Eraserhead was a difficult film to see in the mid-‘80s, or at least it proved to be such outside of the bohemian enclaves that thrived in the major cities. But like a host of diverse motion pictures that possessed a lingering otherness, a quality that helped them to survive being tossed onto the ever growing mountain of ephemera and forgotten, the movie survived as a cult item. And getting to see it meant inclusion into a club, or better put a society based upon sincere eccentricity, the movie meant to be experienced more than once and in the company of new initiates if possible, an artifact that’s reputation truly preceded it into the dark corners of American suburbia’s restless heart.

And its legend became magnified in print, for Eraserhead earned a spot in the first of three Cult Movies volumes authored by Danny Peary, books that were a major educational resource for hungry culture mavens during the decade of their publication. But more importantly, passionate word of mouth carried the flick into the rarefied circle of Outsider Essentials; somebody always knew a person whose friend’s brother saw it at a midnight screening his freshman year of college, and descriptions would often culminate with the phrase “You just have to see it.”

But home video in that era was a new frontier, and most movies were priced for rental, with an average retail of around eighty dollars. And in the ‘80s, video stores in the burbs were dominated by Mom & Pops, largely owned by entrepreneurs with relatively mainstream tastes and clientele; the chance that a store owner would shell out for a video that would need to rent up to forty times before the owner would start making profit was an occurrence that transpired far too rarely. Eraserhead lacked any star power, Lynch’s rep had yet to grow to where he could sell a movie on his name alone, and exactly which section of the store should it be filed under? Horror I guess, but this was a few football fields away from Friday the 13th.

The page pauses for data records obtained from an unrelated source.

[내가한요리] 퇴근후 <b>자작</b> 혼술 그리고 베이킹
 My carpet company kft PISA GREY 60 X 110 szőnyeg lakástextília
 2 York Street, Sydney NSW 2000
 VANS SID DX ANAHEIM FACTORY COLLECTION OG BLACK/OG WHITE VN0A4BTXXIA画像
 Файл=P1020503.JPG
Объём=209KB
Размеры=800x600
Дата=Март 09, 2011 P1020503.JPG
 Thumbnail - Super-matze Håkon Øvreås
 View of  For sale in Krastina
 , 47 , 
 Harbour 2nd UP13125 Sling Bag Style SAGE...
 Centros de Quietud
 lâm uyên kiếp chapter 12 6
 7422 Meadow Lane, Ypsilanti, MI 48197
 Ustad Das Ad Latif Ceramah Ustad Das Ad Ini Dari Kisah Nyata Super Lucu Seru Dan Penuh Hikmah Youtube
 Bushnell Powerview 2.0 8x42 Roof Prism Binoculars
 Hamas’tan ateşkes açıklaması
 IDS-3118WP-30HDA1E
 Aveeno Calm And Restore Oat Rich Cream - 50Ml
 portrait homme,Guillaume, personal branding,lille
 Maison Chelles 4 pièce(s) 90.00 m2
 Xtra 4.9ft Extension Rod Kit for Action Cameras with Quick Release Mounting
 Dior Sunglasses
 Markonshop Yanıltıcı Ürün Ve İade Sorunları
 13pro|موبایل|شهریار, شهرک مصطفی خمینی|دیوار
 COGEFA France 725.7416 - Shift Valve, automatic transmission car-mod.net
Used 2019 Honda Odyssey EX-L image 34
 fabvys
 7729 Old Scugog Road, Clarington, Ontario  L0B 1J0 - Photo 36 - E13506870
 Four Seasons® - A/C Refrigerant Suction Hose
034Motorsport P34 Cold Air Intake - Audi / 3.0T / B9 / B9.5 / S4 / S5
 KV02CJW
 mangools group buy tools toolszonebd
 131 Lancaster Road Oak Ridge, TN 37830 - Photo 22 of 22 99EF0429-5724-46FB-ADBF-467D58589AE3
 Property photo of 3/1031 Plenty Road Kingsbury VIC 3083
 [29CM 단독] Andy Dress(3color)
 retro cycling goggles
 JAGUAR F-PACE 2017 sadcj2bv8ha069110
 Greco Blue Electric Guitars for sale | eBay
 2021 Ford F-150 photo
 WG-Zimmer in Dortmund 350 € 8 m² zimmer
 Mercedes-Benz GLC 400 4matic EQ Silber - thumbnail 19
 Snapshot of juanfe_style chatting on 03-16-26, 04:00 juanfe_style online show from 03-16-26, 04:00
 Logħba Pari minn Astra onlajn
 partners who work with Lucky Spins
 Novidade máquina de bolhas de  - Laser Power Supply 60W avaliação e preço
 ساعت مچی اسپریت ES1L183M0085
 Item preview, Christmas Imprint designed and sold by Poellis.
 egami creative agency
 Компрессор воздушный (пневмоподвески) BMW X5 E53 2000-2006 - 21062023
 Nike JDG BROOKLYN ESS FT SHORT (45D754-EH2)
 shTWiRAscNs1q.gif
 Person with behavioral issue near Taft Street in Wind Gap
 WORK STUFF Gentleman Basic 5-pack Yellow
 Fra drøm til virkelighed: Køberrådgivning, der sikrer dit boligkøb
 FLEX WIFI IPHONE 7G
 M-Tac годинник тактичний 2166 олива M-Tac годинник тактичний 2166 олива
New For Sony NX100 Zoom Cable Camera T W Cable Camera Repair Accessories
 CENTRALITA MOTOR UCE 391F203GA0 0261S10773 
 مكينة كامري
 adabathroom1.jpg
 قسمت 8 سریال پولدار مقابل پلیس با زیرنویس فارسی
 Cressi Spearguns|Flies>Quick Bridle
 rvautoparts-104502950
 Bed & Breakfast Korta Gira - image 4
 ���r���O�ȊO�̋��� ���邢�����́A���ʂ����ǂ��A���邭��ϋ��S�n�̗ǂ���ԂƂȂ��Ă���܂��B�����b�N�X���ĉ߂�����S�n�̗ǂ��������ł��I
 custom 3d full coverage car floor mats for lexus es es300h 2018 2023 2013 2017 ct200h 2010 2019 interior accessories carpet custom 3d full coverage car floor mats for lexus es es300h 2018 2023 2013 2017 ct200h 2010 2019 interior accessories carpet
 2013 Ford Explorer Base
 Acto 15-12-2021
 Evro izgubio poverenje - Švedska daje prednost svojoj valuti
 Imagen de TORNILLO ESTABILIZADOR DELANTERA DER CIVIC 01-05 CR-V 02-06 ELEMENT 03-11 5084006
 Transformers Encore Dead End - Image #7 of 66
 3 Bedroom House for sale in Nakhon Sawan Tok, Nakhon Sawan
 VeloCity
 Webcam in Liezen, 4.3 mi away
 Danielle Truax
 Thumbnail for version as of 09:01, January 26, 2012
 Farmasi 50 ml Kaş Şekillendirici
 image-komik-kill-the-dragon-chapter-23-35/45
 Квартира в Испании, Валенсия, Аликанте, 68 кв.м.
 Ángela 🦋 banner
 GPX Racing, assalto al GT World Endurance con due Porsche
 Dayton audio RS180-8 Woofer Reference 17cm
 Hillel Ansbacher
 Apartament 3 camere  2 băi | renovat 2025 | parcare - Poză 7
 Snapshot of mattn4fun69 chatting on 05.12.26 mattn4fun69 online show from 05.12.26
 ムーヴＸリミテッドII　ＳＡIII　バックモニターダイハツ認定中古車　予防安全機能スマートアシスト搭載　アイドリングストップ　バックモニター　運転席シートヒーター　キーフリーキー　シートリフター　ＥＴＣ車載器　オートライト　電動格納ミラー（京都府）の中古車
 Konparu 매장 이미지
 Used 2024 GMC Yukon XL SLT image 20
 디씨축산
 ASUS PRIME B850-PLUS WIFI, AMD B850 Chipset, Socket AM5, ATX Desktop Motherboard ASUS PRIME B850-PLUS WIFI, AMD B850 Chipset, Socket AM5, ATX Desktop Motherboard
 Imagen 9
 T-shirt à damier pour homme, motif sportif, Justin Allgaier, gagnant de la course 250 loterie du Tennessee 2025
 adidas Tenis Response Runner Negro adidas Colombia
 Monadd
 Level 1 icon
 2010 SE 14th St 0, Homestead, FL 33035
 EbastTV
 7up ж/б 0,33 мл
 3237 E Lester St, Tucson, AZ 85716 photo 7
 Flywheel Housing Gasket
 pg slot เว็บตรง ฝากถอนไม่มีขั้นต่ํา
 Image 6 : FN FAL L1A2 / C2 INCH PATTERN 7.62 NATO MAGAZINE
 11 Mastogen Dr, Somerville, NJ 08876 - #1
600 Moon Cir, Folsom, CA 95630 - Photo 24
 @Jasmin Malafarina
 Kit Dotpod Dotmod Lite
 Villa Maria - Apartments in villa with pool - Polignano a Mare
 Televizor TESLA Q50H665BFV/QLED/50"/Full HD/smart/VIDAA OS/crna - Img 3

So it’s no surprise that the soundtrack to the movie would be less troublesome to obtain than a copy of the film itself. Not that the LP was easy to come by. It first hit racks in 1982 through Alternative Tentacles, and wasn’t repressed by the label until 1990. I first heard it via dubbed cassette roughly two years before actually getting to see the film (again on dubbed VHS), and exposure to its audio divorced from the imagery it was designed to accompany proved a fascinating and frustrating experience in equal measure, intriguing because it sounded so outlandishly mysterious and frustrating because it felt like one crucial part of a huge bewildering puzzle.

It was obviously different from the soundtrack norm then and now, which is essentially a collection of songs either new or borrowed, often both. This was certainly not that, though it did hold a small sliver of similarity to that concept through the inclusion of “In Heaven (Lady in the Radiator Song).” But it was ultimately no closer to the grand tradition of film scores ala Bernard Hermann, Ennio Morricone, and Nino Rota. There were no overtures or catchy melodies, registering instead like long passages of the movie’s audio that was edited into two deft bits of sound collage.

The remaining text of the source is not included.